FDA Confirms the Shared Suppliers – but Hasn’t Linked them to the Nara Illnesses – Yet

Today the FDA updated its Nara Organics infant botulism outbreak page with two findings that matter.

First, FDA’s traceback determined that the Nara formula lots fed to the three sick infants were made with milk supplied by Organic West Milk (Organic West) and spray-dried by Dairy Farmers of America (DFA) — the same two suppliers behind the ByHeart botulism outbreak that stretched from December 2023 to November 2025. The shared supply chain is now the government’s own finding.

But the next line matters just as much: FDA says there is “not enough evidence to determine if this is the source or route of contamination,” and no Nara product has yet tested positive for C. botulinum. Let’s be precise about what has and hasn’t been shown.

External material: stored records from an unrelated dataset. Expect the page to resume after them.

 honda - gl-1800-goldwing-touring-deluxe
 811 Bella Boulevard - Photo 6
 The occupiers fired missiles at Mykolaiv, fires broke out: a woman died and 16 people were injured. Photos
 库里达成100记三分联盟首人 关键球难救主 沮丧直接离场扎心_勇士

Organic West and DFA are now confirmed as the common suppliers to both ByHeart and Nara outbreak brands — but they have not been linked to the Nara illnesses themselves — yet.

FDA has collected unopened samples from the implicated lots, with results expected “in the coming weeks.” It also inspected the two European firms behind Nara’s formula before the illnesses surfaced and cited deficiencies at both — and Nara and DFA still won’t name them — yet. 

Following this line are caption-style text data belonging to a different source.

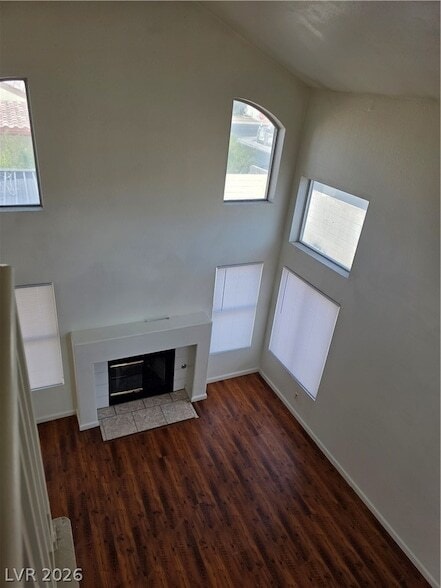 Building Photo - 5784 Akron Ct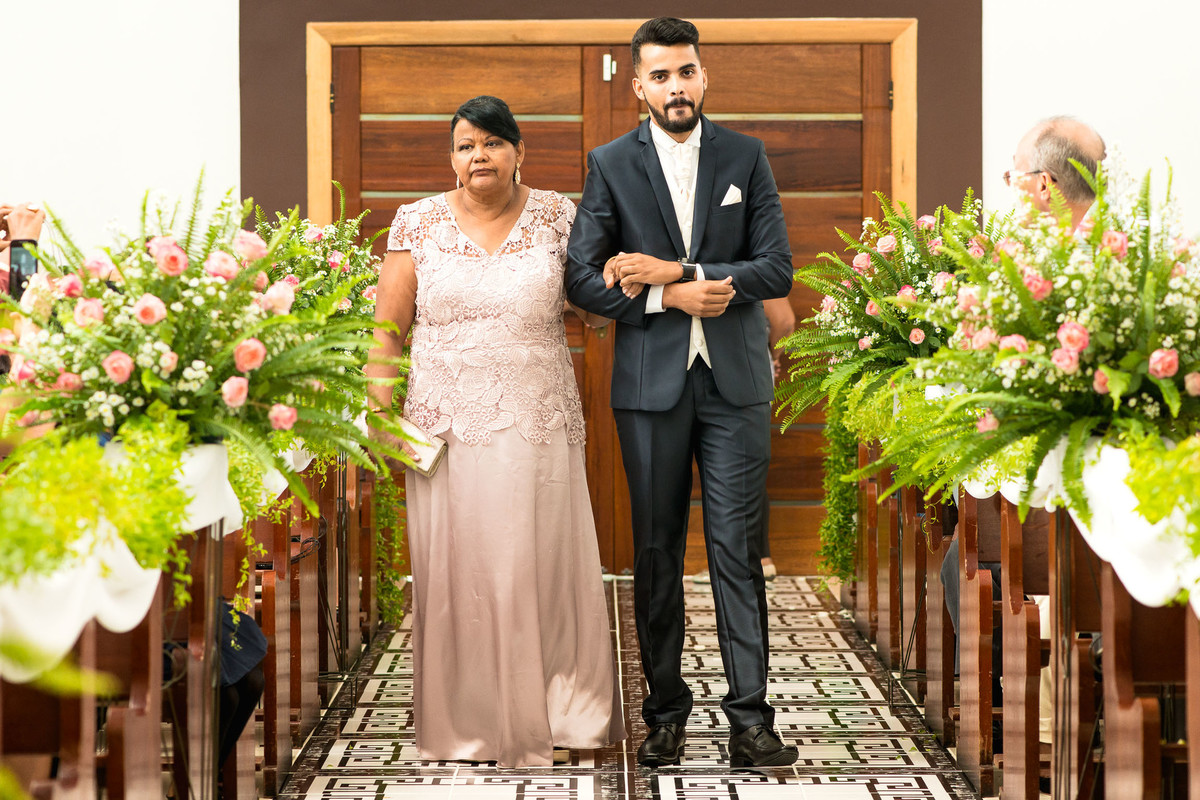 noivo entrando na igreja na igreja casamento Clayton e Laudiceia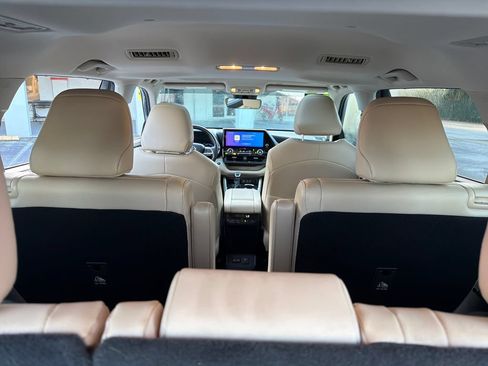 Used 2023 Toyota Highlander Limited FWD image 37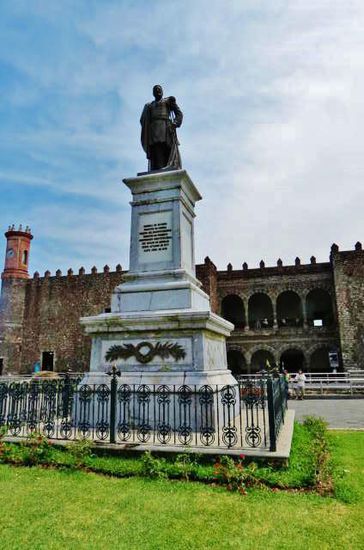 Hernan Cortés, der Konquistador aus Spanien...
Mehr über Hernan Cortés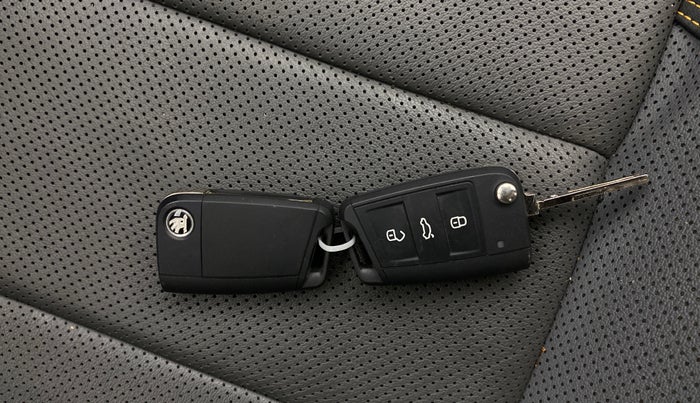 2022 Skoda KUSHAQ STYLE 1.0L TSI MT, Petrol, Manual, 29,188 km, Key Close Up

Trade reporting and U.S. customs records identify them as its German manufacturer, Milchwerke Mittelelbe GmbH (trading as Elb-Milch, a Krüger Group company in Stendal), which makes the powder, and its Danish packager, Advanced Nordic Nutrition (formerly Fipros Nutrition ApS), which cans it. FDA corrective actions are under review, though the specific findings aren’t public yet.

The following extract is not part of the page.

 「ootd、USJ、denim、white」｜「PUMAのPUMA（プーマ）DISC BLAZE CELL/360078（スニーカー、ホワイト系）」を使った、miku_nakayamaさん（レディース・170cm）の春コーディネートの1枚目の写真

Here is the part that should make us all furious. During the 2025 ByHeart outbreak investigation, FDA did the right thing — it ran a traceforward and asked Organic West Milk (and presumably DFA) who else it supplied. The whole point is to find the next brand before the next baby gets sick. Per FDA’s June 26 update, Organic West gave a customer list that was incomplete and did not include Nara, and it has now admitted the list should have listed Nara. DFA has remained silent, as has Nara.

Sit with the timeline. That traceforward happened during the 2025 ByHeart outbreak investigation; the Nara babies got sick in April and May 2026. A complete, accurate list could have put Nara on FDA’s radar months before a single infant showed a symptom. The mechanism to prevent this existed, FDA used it, and an incomplete supplier disclosures defeated it.

It is an open question what Nara knew and when — depositions under oath will shine a light on that. The same will hold true with Organic West and DFA.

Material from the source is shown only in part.